# Von Java auf passwortgeschützten Server zugreifen + Umgang mit Ports



## setNewUser() (10. Feb 2021)

Hallo!
Ich bin ganz begeistert vom Forum. In wenigen Tagen habe ich so viel extrem gute Hilfe bekommen. Tausend Dank an der Stelle! Ich versuche mich, so gut ich kann zu revanchieren! 

Noch zwei Fragen für heute:

1. Wie kann ein Client auf einen Server zugreifen, der Passwortgeschützt ist? Ein Client wird ja mit den Parametern Port und IP-Adresse generiert. Wo kann da ein Passwort hinzukommen?

(1b. Spielen hier eigentlich Accounts wie root und user eine Rolle?)

2. Mir ist auch noch nicht ganz klar, wie man mit den Ports umgehen sollte?
- Sollten (Müssen?) Server und Client u.U. denselben Port haben?
- Muss ich, wenn auf einem remote server mein Server-Programm läuft und ich lokal den Client-Anteil ausführen möchte, praktisch zwingend am Router eine zusätzliche Port-Freigabe einstellen?

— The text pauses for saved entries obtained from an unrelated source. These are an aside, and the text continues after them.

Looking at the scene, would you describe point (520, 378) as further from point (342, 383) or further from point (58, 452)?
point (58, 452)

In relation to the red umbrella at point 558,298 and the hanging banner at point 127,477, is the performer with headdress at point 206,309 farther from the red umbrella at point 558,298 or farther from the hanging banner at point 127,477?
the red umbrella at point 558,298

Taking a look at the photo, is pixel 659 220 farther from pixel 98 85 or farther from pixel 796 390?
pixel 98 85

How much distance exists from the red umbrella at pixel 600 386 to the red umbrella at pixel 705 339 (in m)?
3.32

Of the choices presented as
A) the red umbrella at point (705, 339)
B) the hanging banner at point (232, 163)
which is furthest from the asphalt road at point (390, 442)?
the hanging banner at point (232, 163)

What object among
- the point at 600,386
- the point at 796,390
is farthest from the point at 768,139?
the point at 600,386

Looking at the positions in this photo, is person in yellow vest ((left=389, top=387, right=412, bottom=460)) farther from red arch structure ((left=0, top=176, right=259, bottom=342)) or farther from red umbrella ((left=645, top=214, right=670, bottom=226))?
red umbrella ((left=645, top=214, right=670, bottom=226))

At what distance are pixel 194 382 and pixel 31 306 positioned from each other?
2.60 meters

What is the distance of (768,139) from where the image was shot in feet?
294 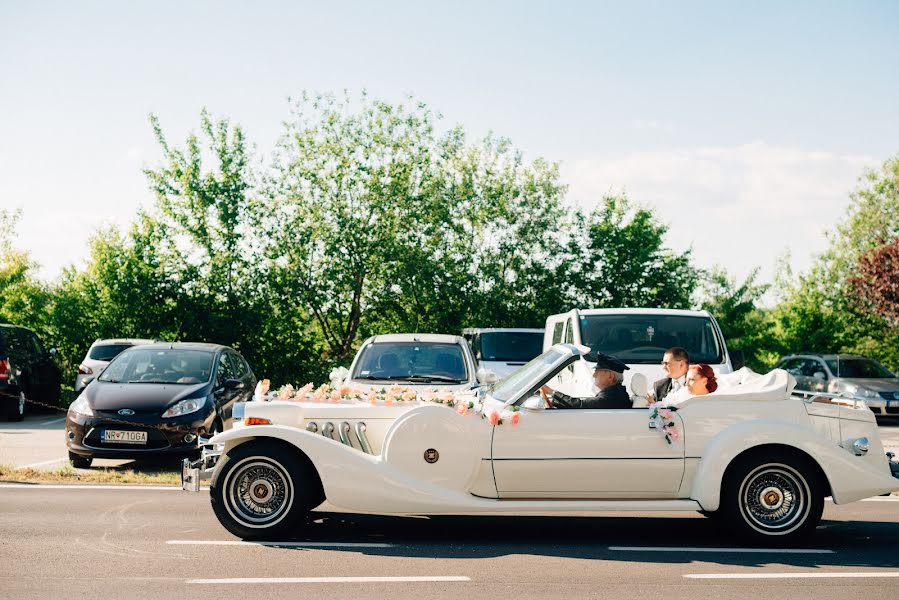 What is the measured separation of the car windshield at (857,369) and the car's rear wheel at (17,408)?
18.2m

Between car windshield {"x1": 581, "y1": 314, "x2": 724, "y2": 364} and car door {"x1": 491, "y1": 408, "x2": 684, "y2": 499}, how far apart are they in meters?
4.94

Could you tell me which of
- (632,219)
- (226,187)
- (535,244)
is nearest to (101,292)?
(226,187)

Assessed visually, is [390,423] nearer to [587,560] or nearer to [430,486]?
[430,486]

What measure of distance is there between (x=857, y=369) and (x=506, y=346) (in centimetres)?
870

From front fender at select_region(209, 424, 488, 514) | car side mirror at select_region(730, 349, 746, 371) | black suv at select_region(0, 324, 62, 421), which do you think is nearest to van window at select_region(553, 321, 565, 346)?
car side mirror at select_region(730, 349, 746, 371)

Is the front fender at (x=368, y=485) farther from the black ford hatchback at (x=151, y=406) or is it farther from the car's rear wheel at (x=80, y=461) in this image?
the car's rear wheel at (x=80, y=461)

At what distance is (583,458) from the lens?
706 centimetres

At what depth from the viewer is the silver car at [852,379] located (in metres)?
19.9

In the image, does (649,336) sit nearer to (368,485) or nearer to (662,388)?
(662,388)

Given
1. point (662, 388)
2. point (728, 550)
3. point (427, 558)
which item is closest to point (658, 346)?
point (662, 388)

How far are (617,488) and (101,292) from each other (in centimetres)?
1929

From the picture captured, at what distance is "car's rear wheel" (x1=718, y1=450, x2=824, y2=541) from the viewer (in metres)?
7.20

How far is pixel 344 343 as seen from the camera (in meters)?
27.6

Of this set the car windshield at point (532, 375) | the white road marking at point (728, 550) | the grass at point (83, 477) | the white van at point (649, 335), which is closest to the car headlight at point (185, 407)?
the grass at point (83, 477) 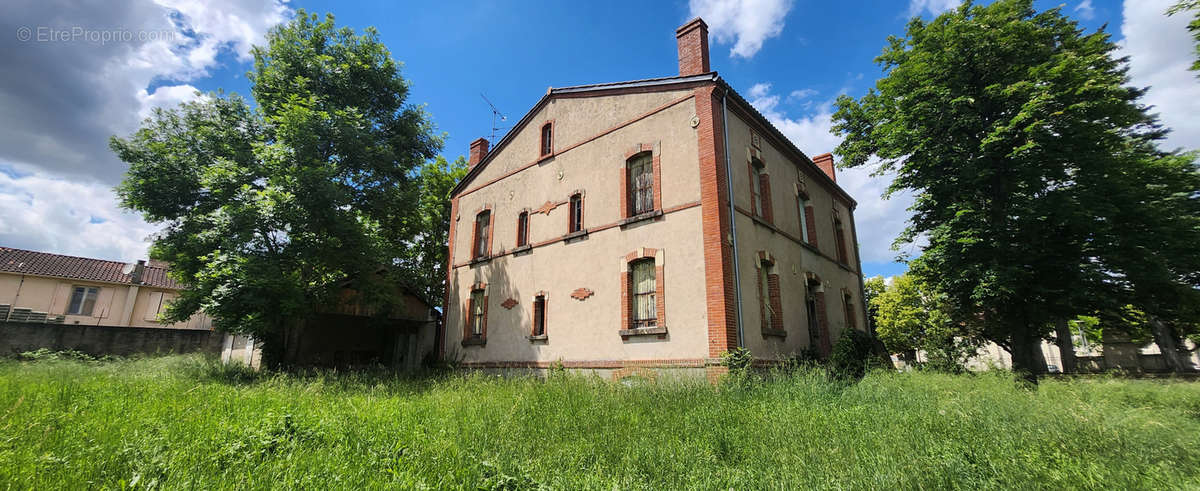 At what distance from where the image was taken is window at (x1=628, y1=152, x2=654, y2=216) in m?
11.5

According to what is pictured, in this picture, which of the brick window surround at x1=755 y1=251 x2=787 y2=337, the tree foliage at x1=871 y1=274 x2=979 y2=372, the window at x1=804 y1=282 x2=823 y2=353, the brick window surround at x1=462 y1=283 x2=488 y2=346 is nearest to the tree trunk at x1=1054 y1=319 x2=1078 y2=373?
the tree foliage at x1=871 y1=274 x2=979 y2=372

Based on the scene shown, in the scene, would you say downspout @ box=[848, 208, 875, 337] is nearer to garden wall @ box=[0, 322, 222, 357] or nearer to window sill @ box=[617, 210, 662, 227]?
window sill @ box=[617, 210, 662, 227]

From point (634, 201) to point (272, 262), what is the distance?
406 inches

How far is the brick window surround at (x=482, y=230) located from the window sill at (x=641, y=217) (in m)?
5.74

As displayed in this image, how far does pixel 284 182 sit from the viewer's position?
12719 millimetres

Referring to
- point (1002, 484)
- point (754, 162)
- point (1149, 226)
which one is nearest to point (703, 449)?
point (1002, 484)

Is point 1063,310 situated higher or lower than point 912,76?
lower

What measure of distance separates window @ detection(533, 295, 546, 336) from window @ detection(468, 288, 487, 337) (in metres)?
2.36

Das kommt mir nicht gerade wie das Gelbe vom Ei vor ... 

Vielen lieben Dank an alle Lesenden und Antwortenden!

LG
Chris


----------



## mihe7 (10. Feb 2021)

setNewUser() hat gesagt.:


> Wie kann ein Client auf einen Server zugreifen, der Passwortgeschützt ist? Ein Client wird ja mit den Parametern Port und IP-Adresse generiert. Wo kann da ein Passwort hinzukommen?

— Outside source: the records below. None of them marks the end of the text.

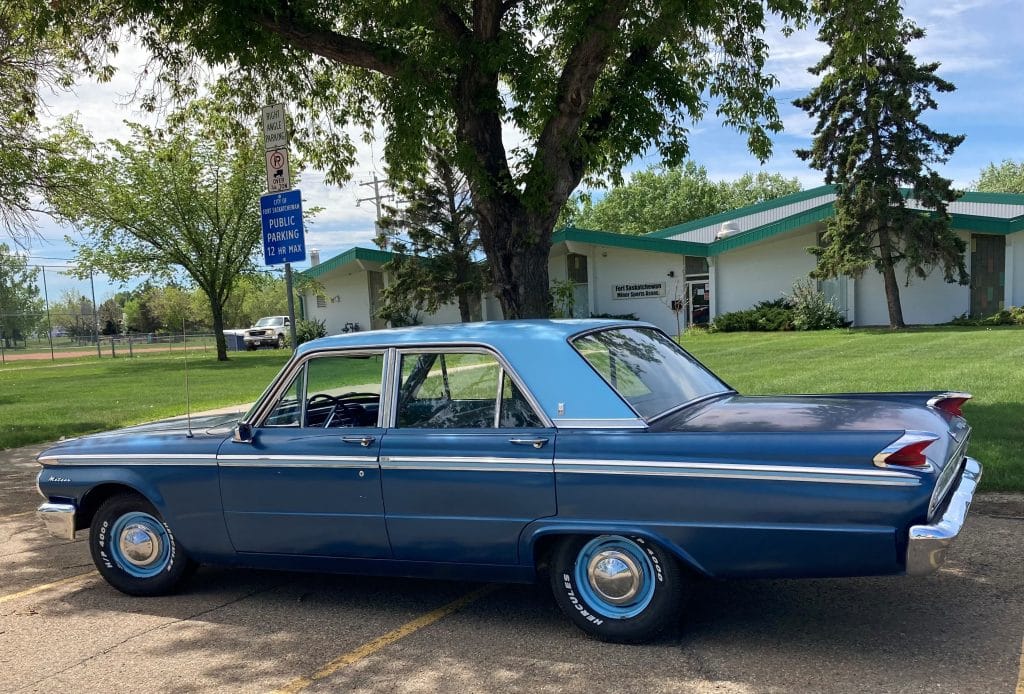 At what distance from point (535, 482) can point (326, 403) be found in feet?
4.95

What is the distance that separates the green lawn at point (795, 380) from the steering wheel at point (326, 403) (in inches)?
199

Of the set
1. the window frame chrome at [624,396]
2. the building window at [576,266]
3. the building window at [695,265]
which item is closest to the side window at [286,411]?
the window frame chrome at [624,396]

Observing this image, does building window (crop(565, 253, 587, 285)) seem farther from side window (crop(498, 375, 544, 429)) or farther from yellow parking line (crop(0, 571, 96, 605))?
side window (crop(498, 375, 544, 429))

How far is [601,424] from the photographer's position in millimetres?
4078

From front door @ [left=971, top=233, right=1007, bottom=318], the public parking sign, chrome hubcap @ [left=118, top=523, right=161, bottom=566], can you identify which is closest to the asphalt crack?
chrome hubcap @ [left=118, top=523, right=161, bottom=566]

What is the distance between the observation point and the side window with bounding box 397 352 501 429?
4.45 m

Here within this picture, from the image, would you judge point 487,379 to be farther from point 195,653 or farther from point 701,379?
point 195,653

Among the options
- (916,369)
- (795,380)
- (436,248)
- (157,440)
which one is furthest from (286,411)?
(436,248)

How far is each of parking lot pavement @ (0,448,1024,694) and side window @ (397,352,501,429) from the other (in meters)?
1.08

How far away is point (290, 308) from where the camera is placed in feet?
24.3

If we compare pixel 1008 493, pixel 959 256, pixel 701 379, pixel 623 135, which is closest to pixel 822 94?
pixel 959 256

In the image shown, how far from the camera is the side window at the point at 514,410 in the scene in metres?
4.28

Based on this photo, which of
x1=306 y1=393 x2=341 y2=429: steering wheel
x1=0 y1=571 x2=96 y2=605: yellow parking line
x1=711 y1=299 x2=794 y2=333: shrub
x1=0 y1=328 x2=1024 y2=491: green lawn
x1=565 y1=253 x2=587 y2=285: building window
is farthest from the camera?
x1=565 y1=253 x2=587 y2=285: building window

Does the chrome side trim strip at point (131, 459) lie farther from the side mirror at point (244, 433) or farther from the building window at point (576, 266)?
the building window at point (576, 266) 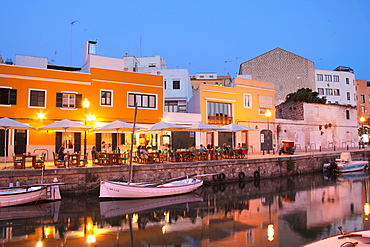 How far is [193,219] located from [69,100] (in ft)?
46.2

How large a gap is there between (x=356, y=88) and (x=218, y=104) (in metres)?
46.9

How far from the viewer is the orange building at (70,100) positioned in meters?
19.5

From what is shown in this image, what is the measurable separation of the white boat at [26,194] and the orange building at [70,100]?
22.0ft

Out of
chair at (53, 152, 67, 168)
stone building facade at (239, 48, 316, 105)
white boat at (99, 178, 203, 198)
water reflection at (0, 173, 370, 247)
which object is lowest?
water reflection at (0, 173, 370, 247)

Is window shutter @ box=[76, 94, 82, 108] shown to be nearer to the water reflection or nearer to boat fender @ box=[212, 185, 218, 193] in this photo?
the water reflection

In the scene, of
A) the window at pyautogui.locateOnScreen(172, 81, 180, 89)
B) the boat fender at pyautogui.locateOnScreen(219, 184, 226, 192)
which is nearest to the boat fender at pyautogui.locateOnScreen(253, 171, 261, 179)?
the boat fender at pyautogui.locateOnScreen(219, 184, 226, 192)

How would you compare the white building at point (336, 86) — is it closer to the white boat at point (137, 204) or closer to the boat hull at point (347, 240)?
the white boat at point (137, 204)

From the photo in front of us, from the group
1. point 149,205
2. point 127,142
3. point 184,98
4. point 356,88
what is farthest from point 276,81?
point 149,205

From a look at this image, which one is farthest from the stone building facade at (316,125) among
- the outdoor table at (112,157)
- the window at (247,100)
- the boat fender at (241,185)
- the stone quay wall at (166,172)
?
the outdoor table at (112,157)

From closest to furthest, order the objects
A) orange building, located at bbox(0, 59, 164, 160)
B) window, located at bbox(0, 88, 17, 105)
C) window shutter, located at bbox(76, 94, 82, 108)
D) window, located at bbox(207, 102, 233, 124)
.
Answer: window, located at bbox(0, 88, 17, 105) → orange building, located at bbox(0, 59, 164, 160) → window shutter, located at bbox(76, 94, 82, 108) → window, located at bbox(207, 102, 233, 124)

Du sprichst, wenn ich mich recht entsinne, von TCP-Verbindungen. Da gibt es kein Passwort, das ist Aufgabe des auf dieser Verbindung aufbauenden Protokolls. Was heißt, ein Client wird generiert?



setNewUser() hat gesagt.:


> Spielen hier eigentlich Accounts wie root und user eine Rolle?

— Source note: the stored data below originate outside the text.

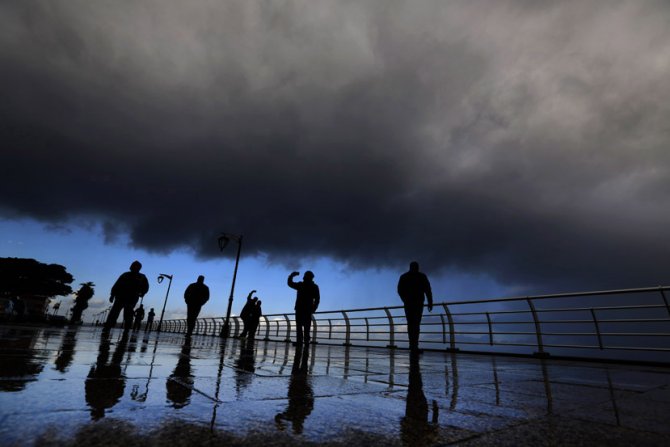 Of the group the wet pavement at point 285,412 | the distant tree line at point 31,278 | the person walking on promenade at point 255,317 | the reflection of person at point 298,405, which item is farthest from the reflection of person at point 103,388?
the distant tree line at point 31,278

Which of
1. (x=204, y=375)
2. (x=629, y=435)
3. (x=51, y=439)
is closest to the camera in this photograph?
(x=51, y=439)

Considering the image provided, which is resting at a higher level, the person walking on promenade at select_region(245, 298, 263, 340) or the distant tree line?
the distant tree line

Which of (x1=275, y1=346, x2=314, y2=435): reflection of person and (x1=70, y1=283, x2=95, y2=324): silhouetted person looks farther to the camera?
(x1=70, y1=283, x2=95, y2=324): silhouetted person

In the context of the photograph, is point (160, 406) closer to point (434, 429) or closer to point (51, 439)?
point (51, 439)

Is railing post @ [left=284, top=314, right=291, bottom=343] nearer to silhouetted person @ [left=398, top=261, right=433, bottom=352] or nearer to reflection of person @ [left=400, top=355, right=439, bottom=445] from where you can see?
silhouetted person @ [left=398, top=261, right=433, bottom=352]

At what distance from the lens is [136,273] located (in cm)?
882

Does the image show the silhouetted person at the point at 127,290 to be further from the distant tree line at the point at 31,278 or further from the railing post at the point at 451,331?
the distant tree line at the point at 31,278

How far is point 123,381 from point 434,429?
1753 millimetres

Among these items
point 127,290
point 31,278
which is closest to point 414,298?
point 127,290

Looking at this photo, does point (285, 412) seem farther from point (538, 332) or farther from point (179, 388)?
point (538, 332)

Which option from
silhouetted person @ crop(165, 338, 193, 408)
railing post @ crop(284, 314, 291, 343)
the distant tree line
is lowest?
silhouetted person @ crop(165, 338, 193, 408)

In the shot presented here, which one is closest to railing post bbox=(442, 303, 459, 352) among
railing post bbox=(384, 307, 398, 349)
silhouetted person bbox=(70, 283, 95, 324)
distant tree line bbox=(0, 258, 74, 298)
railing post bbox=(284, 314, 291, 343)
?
railing post bbox=(384, 307, 398, 349)

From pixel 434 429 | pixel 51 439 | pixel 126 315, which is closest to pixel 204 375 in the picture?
pixel 51 439

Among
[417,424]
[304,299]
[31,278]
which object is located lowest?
[417,424]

Nein. Du hast anscheinend eine völlig falsche Vorstellung davon, wie das Netz funktioniert.

Ich versuche mal eine Beschreibung, ohne zu sehr in die technischen Details zu gehen. Die ist ggf. nicht ganz korrekt, sollte aber fürs Verständnis hilfreich sein:



setNewUser() hat gesagt.:


> Sollten (Müssen?) Server und Client u.U. denselben Port haben?


Nein. Stell Dir IP-Adresse und Port einfach wie Telefonanschluss und Durchwahlnummer vor. Wenn Du beim Finanzamt auf Durchwahl 321 anrufst, musst Du ja auch nicht von Nebenstelle 321 aus anrufen.



setNewUser() hat gesagt.:


> Muss ich, wenn auf einem remote server mein Server-Programm läuft und ich lokal den Client-Anteil ausführen möchte, praktisch zwingend am Router eine zusätzliche Port-Freigabe einstellen?


Nein. Der Router verbindet (wenigstens) zwei Netze - im privaten Bereich das private, lokale Netz mit dem öffentlichen Internet. Eine Netzwerkschnittstelle des Routers bekommt also eine Adresse aus dem privaten Netz (z. B. 192.168.0.1), eine andere Netzwerkschnittstelle des Routers eine Adresse, die in der Regel vom Provider zugewiesen wird (z. B. 178.27.13.1). Pakete, die ins Internet gehen, tragen als Absenderadresse diese öffentliche IP-Adresse. Wenn Du z. B. auf www.wieistmeineip.de gehst, wird Dir die Adresse angezeigt. Unabhängig davon, vom welchem Gerät im lokalen Netz aus Du es versuchst, wirst Du feststellen, dass immer die gleiche IP-Adresse angezeigt wird, nämlich die vom Provider zugewiesene IP-Adresse des Routers.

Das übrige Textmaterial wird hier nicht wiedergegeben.